ANCHORAGE, Alaska, Sept. 3 (UPI) -- Days after the former Mount McKinley was renamed Denali, North America's highest mountain is also getting a height adjustment.
The United States Geological Survey (USGS) said a survey using new technology has revealed Denali is 100 feet shorter than previously thought. The last accepted elevation was 20,320 feet, but the actual figure is 20,310 feet.
In a news release, USGS said Denali hasn't shrunk. Instead, advances in surveying technology have produced "a more accurate summit height of Alaska's most magnificent natural treasure."
USGS said the desire to re-survey the mountain came after a new height of 20,237 was recorded by an airborne radar using an Interferometric Synthetic Aperture Radar sensor, which it notes is "an extremely effective tool for collecting map data in challenging areas." But the technology is not accurate when it comes to providing spot or point elevations, the agency said.
The USGS, NOAA's National Geodetic Survey (NGS) and the University of Alaska Fairbanks (UAF) were the primary sponsors of the survey. The company CompassData also provided three climbers and UAF provided one.
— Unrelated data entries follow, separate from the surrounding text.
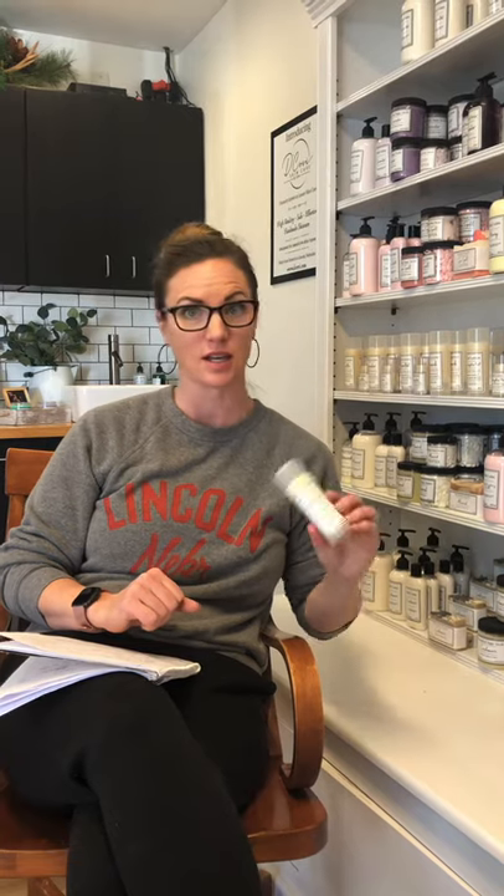Massage therapists really like to use these to do massages because it really helps them get their grip when giving massages, and they also know they're not rubbing a bunch of chemicals into their customer's skin. This is really good for massage therapists. You can always grab this and when you go get a massage, you can just say, 'Hey, I brought my lotion bar that I would like for you to use.'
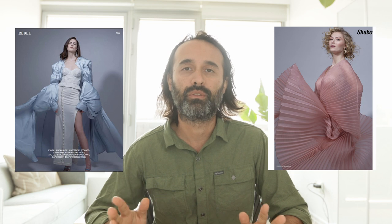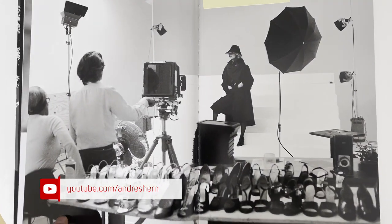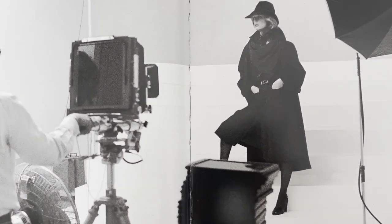A few weeks ago I shot a fashion editorial and I thought, what a better opportunity to use my 4x5 camera than this one. I recently picked up this book about Richard Avedon, published by his first assistant. There was one photo that caught my attention where they were shooting — I don't know if it was an editorial or a campaign — but with an 8x10 camera and all these holders right there.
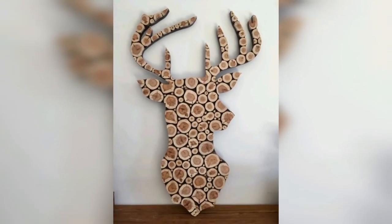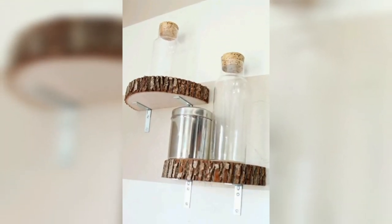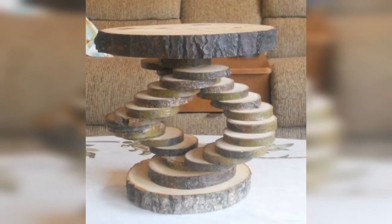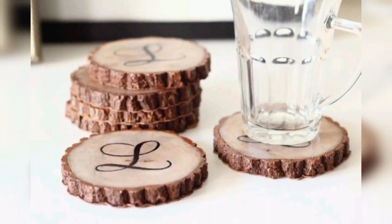Transform wood slices into unique candle holders by carving out a small recess in the center for a tea light or decorative candle. The natural texture and grain of the wood will create a warm and inviting ambience in any space.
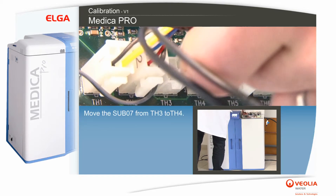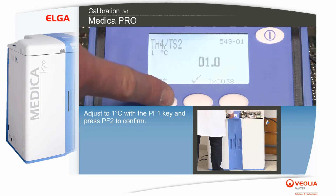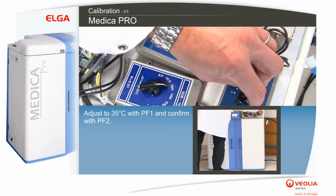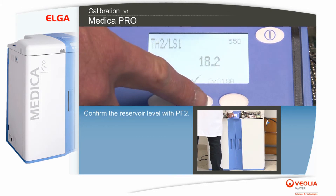Move the sub-07 from TH3 to TH4. Adjust to 1 degree Celsius with the PF1 key and press PF2 to confirm. Adjust to 35 degrees Celsius with PF1 and confirm with PF2.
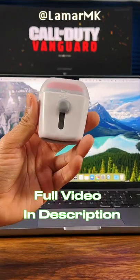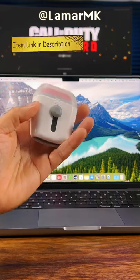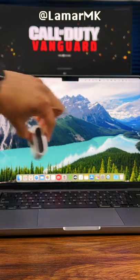This next accessory is an absolute must-have. It's from the brand AXO — it's a laptop cleaner. On the top you have a microfiber pad so you can remove smudges from your screen. Just gently clean your screen like this.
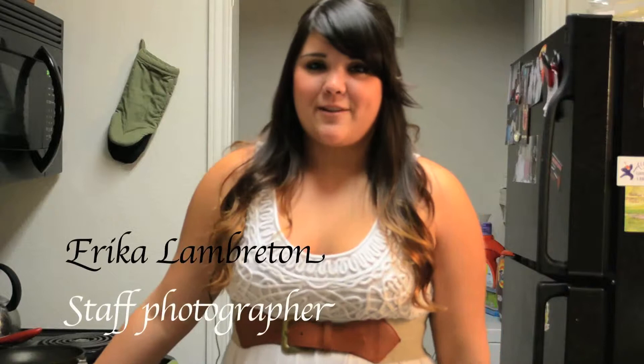Hi, I'm Erica Lamberton. I am a staff photographer for the North Texas Daily, and today I'm going to be showing you how to make egg in the hole pancakes.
The team began their climb in mid-June, when Denali's lower sections are warmest. After crossing treacherous sections of the climb -- like the "Autobahn" -- and risking lethal falls throughout, the team reached the summit on June 24 around 3:15 p.m. At that point, a Zephyr-2 GPS unit was used to measure the height of a single point on the summit identified as the mountain's peak.
The data returned from the trek was then independently verified by UAF, CompassData and NGS. The three groups met and arrived at the official elevation.
"The NGS is pleased to have worked with such outstanding scientists and come to an agreeable solution on a project of this magnitude," said Dr. Vicki Childers, chief of NOAA's NGS Observation and Analysis Division.
The news comes after the mountain's name was changed from Mount McKinley to Denali. Denali was the traditional, native name of the mountain before it was renamed in 1917 after former President William McKinley.
In addition to being the tallest mountain in the continent, Denali is the third highest mountain in the world and one of the world's Seven Summits. Denali National Park, where the mountain is found, was established in 1917 and hosts more than 500,000 visitors annually to its 6 million acres of park land and preserve. Approximately 1,200 mountain climbers a year attempt to scale Denali, and about half of those are successful.